Sequence of Return Risk

As mentioned in our previous blog (Monte Carlo and Retirement Success), the sequence in which you earn returns plays an important role when planning for a successful retirement. A significant decline in the value of your portfolio near or at the beginning of retirement is among the most potentially destructive scenarios. This is due to withdrawals to fund your spending, the impact on future growth and a portfolio’s struggle to regain lost ground. It can cause a portfolio’s longevity to decline faster than the retirees. 

In the chart below, we show and compare the portfolio values of someone who is in the Accumulation phase (working) and someone who is in the Distribution phase and taking withdrawals (retired). Each portfolio had a starting value of $1.25 million with the Distribution phase portfolios withdrawing $50,000 per year indexed for inflation. We ran two scenarios using returns from 2008 through 2017.  In the Accumulation 1 and Distribution 1 scenarios we used the actual returns for a balanced portfolio (60% stocks/40% bonds) which reflects a loss of 22% in 2008. While the Accumulation 2 and Distribution 2 scenarios reflect the exact inverse with a loss of 22% in 2017. We can clearly see that in the Accumulation phase the sequence of returns has no impact on the final outcome since there were no withdrawals.  On the other hand, there is a sizable effect during the Distribution phase. The gap over a 25-30 year retirement would be even wider.

Nov Blog

According to data and analysis done by PIMCO, consider a retiree who had a $1 million portfolio which allocated 60% to stocks and 40% to bonds in 2007. Despite the 51% drop from October 2007 to March 2009, the portfolio would have recovered fully by 2011 and grown to about $2 million by 2017 if it had been left untouched.  In a similar scenario in which the retiree was withdrawing $50,000 each year the outcome would be far different. Even today, 12 years later, their portfolio would be worth only $1.2 million.

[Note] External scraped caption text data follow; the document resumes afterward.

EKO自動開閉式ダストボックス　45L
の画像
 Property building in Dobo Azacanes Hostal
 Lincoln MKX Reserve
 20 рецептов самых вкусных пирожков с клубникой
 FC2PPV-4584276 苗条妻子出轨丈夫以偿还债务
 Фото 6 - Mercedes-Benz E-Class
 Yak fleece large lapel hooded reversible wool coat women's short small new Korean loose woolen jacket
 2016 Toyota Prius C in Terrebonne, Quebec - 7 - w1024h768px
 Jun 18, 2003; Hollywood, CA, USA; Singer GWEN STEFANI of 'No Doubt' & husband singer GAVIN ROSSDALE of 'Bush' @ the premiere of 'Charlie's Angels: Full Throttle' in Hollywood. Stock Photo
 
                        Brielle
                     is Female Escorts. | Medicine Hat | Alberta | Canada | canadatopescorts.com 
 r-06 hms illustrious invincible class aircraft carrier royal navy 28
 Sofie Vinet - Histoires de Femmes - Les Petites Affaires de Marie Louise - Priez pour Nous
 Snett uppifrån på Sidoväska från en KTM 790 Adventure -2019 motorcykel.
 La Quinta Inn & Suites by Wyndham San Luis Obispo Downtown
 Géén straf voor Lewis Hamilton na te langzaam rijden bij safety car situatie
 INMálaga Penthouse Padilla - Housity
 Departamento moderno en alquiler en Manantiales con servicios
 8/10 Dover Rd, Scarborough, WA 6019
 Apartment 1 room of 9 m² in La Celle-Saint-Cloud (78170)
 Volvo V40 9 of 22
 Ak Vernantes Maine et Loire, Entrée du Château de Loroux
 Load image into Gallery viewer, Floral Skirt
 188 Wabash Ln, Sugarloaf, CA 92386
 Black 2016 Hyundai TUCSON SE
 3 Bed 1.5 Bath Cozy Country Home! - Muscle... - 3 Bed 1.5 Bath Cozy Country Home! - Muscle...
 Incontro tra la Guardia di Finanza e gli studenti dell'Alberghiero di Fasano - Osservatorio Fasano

Another issue that can arise from a market downturn near or early in retirement is de-risking or scaling back equity exposure at market bottoms. Although this might feel better in the short- term, it can lead to longer term issues. Taking the same time period as the previous example (2007-2019), if someone had de-risked to 40% stocks and 60% bonds in 2009, the value of their portfolio would be $920,000 rather than $1.2 million. If a retiree had responded in a more extreme way and allocated their entire portfolio to cash to hide from further market erosion the portfolio value would only be $306,000.  In both de-risking scenarios, the retiree has converted temporary losses into permanent losses. 


According to Cerulli Associates, nearly 60% of individuals with advisors lack a retirement income plan and that number rises to 80% for individuals without an advisor. There are many ways to lessen the impact of potential negative returns when you are approaching or in retirement.

  1. Creating a long-term retirement funding and investment plan to which you will adhere.
  2. Tactical rebalancing (buy low, sell high/take profits).
  3. Adjusting spending in response to changes in your portfolio value. 
  4. Overweighting undervalued assets (assets that have performed worse relative to other asset classes) and underweight or take profits on those that have outperformed.
  5. Understanding the upside and downside capture of your investments, mutual funds and overall portfolio. How much does your portfolio follow the broader market on the way up and the way down? 
  6. Owning a truly diversified portfolio. Did you know that 10 stocks account for 21.5% of the S&P 500’s value and the top four (Microsoft, Apple, Amazon, Facebook) make up 12.75%.

A stock market meltdown leading up to retirement or in the early years of retirement can have destructive long-term effects.  Understanding the potential scenarios along with proactive planning and sensible strategies for mitigating the impacts are paramount to long-term success.